The children themselves seem to enjoy the healthy snacks -- most of the time. At Bradoaks Elementary School, Alexis McPherson, a freckled-face fourth-grader, munched on Foothill-provided vegetable crackers and proudly pointed out that it contained “real vegetables and no trans fats.”

But she confessed that she also liked junk food, including potato chips.

“I like a mixture of both, because too much healthy stuff can get boring,” Alexis said.


Rodriguez said that healthier food, such as fresh fruit, is more expensive than junk food. A case of 750 apples costs $500, he said, while cookies can be bought for a fraction of that price.

Whitenack said Foothill depended on grants to help improve the quality of snacks. This year, the Times Family Fund awarded Foothill Unity Center $20,000, primarily for its after-school snack program.

“It really makes a huge difference in the level of quality of snacks we’re able to provide the children,” Whitenack said.

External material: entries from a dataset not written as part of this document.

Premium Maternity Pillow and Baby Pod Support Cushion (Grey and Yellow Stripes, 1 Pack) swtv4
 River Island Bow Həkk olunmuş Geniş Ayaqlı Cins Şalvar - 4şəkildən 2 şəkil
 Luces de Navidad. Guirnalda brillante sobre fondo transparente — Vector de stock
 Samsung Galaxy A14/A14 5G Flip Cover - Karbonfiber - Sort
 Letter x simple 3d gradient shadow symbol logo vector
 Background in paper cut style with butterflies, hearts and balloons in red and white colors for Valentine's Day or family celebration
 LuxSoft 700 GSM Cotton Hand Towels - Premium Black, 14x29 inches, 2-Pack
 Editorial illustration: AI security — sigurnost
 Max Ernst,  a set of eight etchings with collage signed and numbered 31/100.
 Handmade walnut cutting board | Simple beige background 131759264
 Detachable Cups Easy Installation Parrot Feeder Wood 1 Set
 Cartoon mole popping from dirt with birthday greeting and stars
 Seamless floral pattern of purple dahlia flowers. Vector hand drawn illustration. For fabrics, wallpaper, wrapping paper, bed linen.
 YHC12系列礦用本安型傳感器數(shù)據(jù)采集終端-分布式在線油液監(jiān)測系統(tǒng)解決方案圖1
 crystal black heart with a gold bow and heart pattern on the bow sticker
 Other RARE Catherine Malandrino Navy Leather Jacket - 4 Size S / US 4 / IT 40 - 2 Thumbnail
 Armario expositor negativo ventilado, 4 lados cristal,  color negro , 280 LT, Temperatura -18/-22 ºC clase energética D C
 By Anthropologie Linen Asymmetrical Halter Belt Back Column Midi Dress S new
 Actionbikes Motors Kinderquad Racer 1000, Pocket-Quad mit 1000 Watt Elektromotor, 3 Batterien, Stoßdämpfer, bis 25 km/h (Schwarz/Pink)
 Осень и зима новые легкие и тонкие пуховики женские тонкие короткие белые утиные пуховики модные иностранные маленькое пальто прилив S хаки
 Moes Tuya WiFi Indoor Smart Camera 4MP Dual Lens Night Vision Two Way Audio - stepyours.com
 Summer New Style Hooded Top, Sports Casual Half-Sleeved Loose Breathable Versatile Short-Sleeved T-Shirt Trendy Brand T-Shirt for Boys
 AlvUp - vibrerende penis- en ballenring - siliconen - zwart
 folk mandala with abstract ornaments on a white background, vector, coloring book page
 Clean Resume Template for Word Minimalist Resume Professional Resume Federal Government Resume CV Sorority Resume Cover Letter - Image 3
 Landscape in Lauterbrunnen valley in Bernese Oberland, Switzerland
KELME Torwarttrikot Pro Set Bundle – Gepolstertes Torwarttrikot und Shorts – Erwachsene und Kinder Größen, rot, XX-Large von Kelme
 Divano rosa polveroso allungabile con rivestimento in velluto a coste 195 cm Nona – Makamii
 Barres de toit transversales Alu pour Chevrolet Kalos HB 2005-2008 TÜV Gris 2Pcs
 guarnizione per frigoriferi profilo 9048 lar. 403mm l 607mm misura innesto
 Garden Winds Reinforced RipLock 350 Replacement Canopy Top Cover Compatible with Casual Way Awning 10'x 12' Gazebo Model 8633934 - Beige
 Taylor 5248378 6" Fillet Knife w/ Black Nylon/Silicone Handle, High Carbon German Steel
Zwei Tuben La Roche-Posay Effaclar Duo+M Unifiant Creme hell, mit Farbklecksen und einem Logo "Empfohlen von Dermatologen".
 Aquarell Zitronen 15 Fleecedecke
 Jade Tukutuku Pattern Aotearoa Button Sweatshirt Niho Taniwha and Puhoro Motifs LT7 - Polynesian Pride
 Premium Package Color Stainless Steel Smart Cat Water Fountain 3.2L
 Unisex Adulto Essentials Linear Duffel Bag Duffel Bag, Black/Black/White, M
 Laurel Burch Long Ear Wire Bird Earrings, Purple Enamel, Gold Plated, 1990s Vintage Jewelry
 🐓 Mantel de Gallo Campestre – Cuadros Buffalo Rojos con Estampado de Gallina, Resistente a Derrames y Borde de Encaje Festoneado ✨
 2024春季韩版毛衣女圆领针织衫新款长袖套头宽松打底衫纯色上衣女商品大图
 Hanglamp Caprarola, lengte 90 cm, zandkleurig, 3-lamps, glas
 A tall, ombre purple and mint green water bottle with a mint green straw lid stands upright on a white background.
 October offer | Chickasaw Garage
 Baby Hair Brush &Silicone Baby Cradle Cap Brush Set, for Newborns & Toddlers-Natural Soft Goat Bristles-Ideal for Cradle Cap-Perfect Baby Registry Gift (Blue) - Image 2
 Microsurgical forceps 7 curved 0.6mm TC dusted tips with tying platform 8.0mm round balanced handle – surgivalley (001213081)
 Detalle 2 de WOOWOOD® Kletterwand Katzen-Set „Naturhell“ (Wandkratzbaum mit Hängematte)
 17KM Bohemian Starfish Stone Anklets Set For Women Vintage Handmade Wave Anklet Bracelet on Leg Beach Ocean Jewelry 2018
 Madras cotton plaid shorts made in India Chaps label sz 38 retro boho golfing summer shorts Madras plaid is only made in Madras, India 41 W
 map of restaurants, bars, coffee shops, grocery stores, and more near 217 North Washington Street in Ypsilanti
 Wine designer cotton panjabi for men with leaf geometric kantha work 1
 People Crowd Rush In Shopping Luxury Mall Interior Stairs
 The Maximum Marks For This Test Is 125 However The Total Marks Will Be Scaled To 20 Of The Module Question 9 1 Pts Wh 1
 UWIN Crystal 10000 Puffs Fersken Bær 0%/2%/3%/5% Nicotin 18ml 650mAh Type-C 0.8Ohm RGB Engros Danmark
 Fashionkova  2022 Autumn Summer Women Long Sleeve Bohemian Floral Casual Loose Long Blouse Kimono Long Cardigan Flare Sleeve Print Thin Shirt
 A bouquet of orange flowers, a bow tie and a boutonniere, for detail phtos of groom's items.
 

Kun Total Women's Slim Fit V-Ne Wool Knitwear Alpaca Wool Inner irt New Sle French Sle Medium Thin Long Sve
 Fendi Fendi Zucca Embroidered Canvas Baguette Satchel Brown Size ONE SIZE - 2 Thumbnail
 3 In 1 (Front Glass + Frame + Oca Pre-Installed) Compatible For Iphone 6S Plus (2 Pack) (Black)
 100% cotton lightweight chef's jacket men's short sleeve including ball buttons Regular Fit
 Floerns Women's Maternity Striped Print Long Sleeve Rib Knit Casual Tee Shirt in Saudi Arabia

The after-school snack program is just one small part of Foothill’s extensive activities. Last year, the center gave out more than 1 million pounds of food to 2,076 families who earn less than 150% of the federal poverty level. That amounts to an annual income of $15,315 for an individual or $30,975 for a family of four.

The families are given packs of canned and dry foods each month and weekly supplements of perishable items, such as meat, milk, fresh fruit and vegetables.

A “choice shelf” is stocked with personal hygiene items and ethnic foods such as Indian curry, Thai coconut milk, black beans, hummus and Chinese chili garlic sauce for those who want them.

Foothill also distributes lunches for the homeless, clothing, motel vouchers and other items.

The program, which started in 1980 in a church closet, is now nonsectarian and serves 11 cities, including Altadena, Arcadia, Duarte, Monrovia, Pasadena, Sierra Madre and South Pasadena.


“I’m proud to work here,” Rodriguez said. “Imagine if your job is just to help people. It’s a tremendous feeling. You never go home unsatisfied.”